(AVAILABLE DATA)

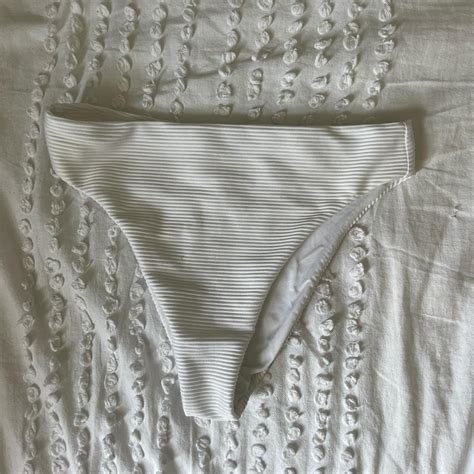 High Cut White Bikini Bottoms Size Small Sooo Cute Depop
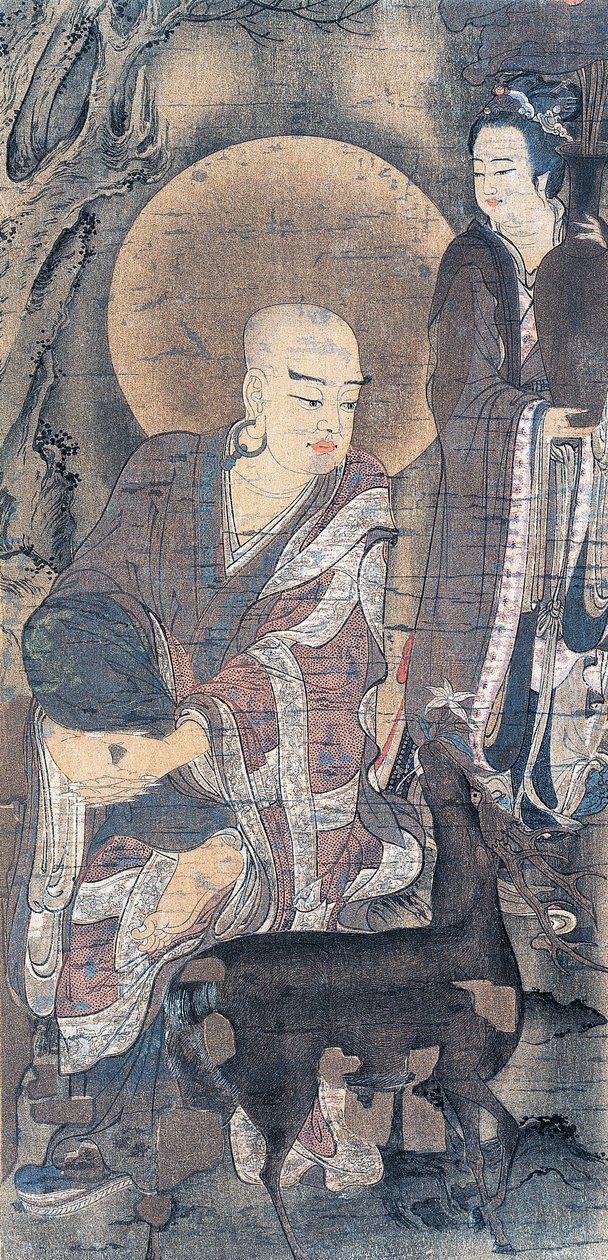 Pintura religiosa que representa a un joven monje con un ciervo, pintura sobre seda, civilización japonesa, período Heian, 794-1185 de School Japanese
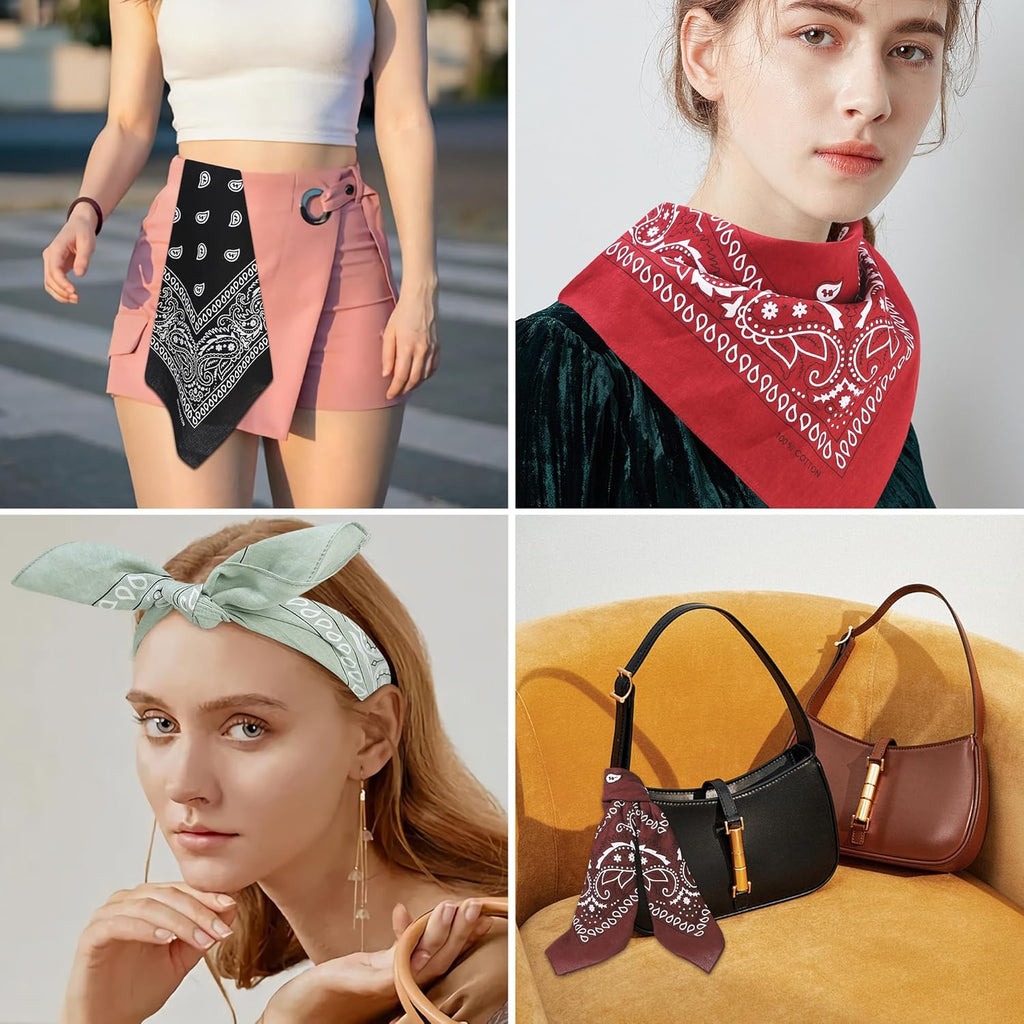 100% Cotton 27" x 27" Large Bandanas for Men & Women, Multi-Purpose Bandana Headbands, Square Head Scarf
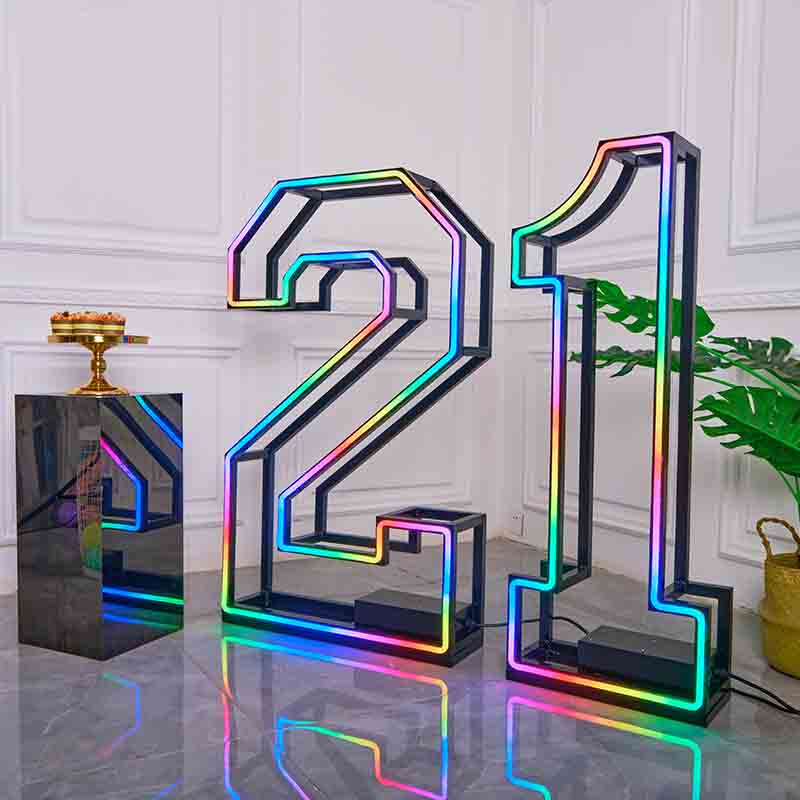 3d Frame Letters Neon Lighting Numbers Metal Birthday Anniversary Event Party Decoration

(End AVAILABLE DATA)

All that is needed is the span from the line with "Pintura religiosa que" through the last line of the material above, reproduced exactly and free of pictures.

 Pintura religiosa que representa a un joven monje con un ciervo, pintura sobre seda, civilización japonesa, período Heian, 794-1185 de School Japanese
 100% Cotton 27" x 27" Large Bandanas for Men & Women, Multi-Purpose Bandana Headbands, Square Head Scarf
 3d Frame Letters Neon Lighting Numbers Metal Birthday Anniversary Event Party Decoration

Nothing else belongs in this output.